Netflix has been chasing the Stranger Things high for years, and honestly, who can blame them? That show became the go-to template for big, crowd-pleasing sci-fi. There weirdly haven’t been that many true copycats, but the sci-fi boom it helped kick off has kept us all pretty well fed. Now comes the streamer’s first real swing at getting that same crowd buzzing again: The Boroughs, an 8-episode mystery from creators Jeffrey Addiss and Will Matthews that flips the kid-adventurers idea on its head and hands the flashlights to folks in their 60s and 70s.
The hook
The Boroughs plants us in a suspiciously perfect retirement community where a group of neighbors start connecting dots they’re absolutely not supposed to see. Think deaths that don’t add up, things with too many teeth in the shadows, and a buried conspiracy nobody wants dug up. The Duffer Brothers are on board as executive producers, and the show carries the same Spielberg-meets-Stephen King energy that powered Stranger Things — you will feel those Amblin vibes immediately — but with a different, sneakily emotional center of gravity.
How it kicks off
The series opens with a mini-slasher prologue featuring Dee Wallace (yes, from E.T.), and it plays like a sly nod to Scream’s iconic opener. From there we meet Sam (Alfred Molina), a retired engineer whose wife signed them both up for life in The Boroughs before she passed away. He can’t get out of the contract, so he moves in alone — and quickly gets folded into a circle of neighbors with a few more secrets than their HOA would prefer.

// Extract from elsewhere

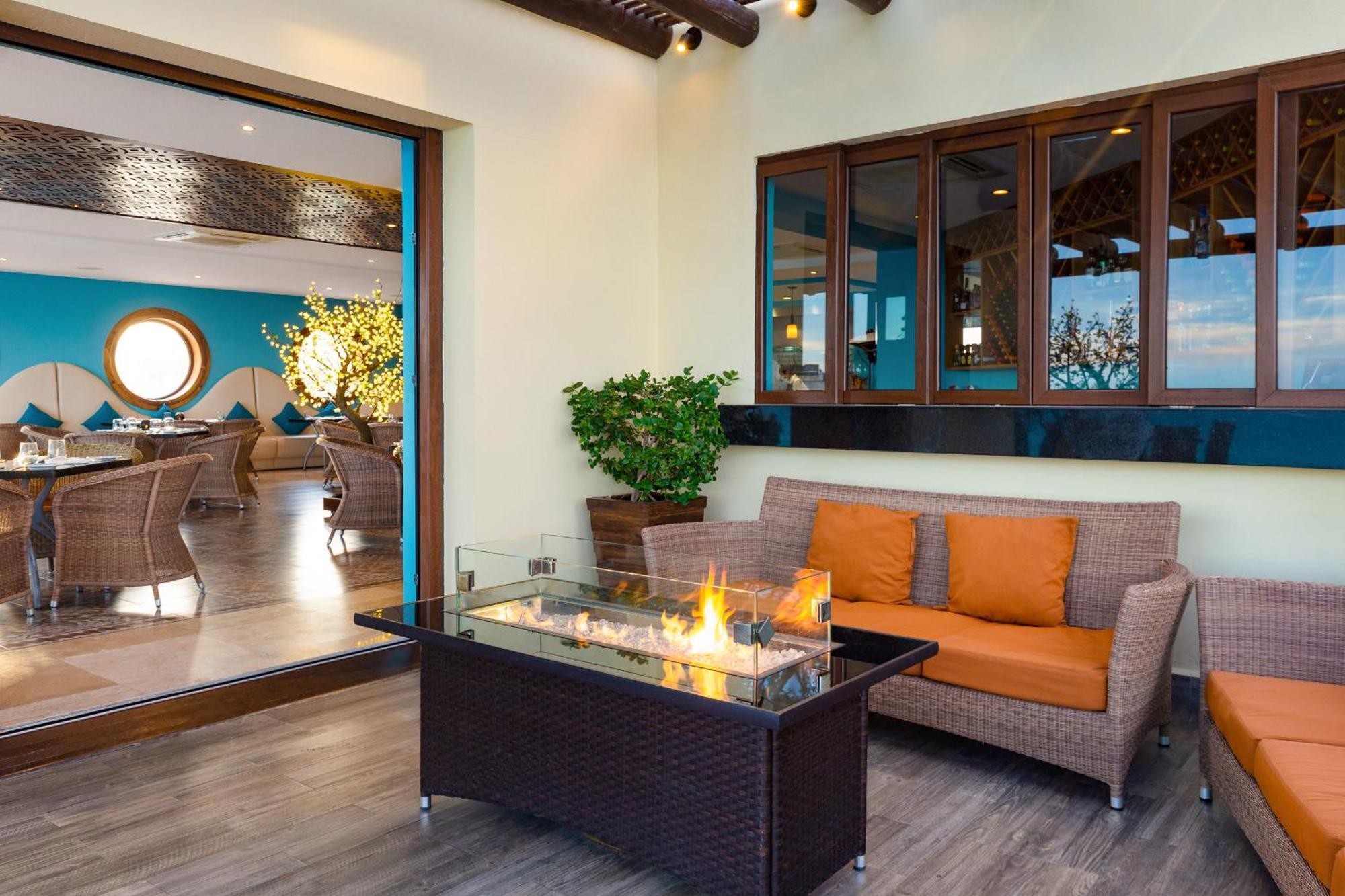 Villa Del Arco Beach Resort & Spa Cabo San Lucas Eksteriør bilde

- Sam (Alfred Molina): former engineer, new to the community, sees something monstrous and can’t let it go
- Jack (Bill Pullman): one of the resident ring-leaders in Sam’s new circle
- Wally (Denis O'Hare): sharp, observant, not easily rattled
- Art (Clarke Peters) and Judy (Alfre Woodard): married, grounded, excellent BS detectors
- Renee (Geena Davis): poised, capable, not buying the brochure version of reality
The turn
When a sudden death rattles the community — and after Sam literally sees a monster — the gang starts pulling threads. The more they learn, the less idyllic The Boroughs looks. It’s the classic adventure framework, but instead of coming-of-age beats, the show dives into what it means to be dismissed by a world that acts like you’ve aged out of mattering.
Why it works
The tone is lighter than Stranger Things, but it’s not afraid to go sharp and bloody when it needs to. There’s warmth, a lot of wit, and a big soft spot for 1990s sci-fi storytelling. It plays like a love letter to the stuff many of us grew up on — only now with retirees as the Avengers, which turns out to be a great idea.
There’s also a real point of view here: the show flat-out wrestles with elder abuse and how society quietly labels older people as redundant or expendable. The fact that it balances that with popcorn-y set pieces and mystery beats is the neat trick.
The numbers and the verdict
The Boroughs hit with a near-perfect 92% on Rotten Tomatoes out of the gate, and I gave it 4 stars in my own review. It’s only 8 episodes, which makes it a very easy weekend binge if you’re trying to avoid spoilers — and you probably should, because the fun is in how the puzzle locks together.
The bottom line
If you’ve been waiting for Netflix to deliver something that scratches that Stranger Things itch without just photocopying it, this is it. New perspective, same pulse. And yeah, the Duffers quietly backing a show that riffs on their own formula? That’s a fun little full-circle detail.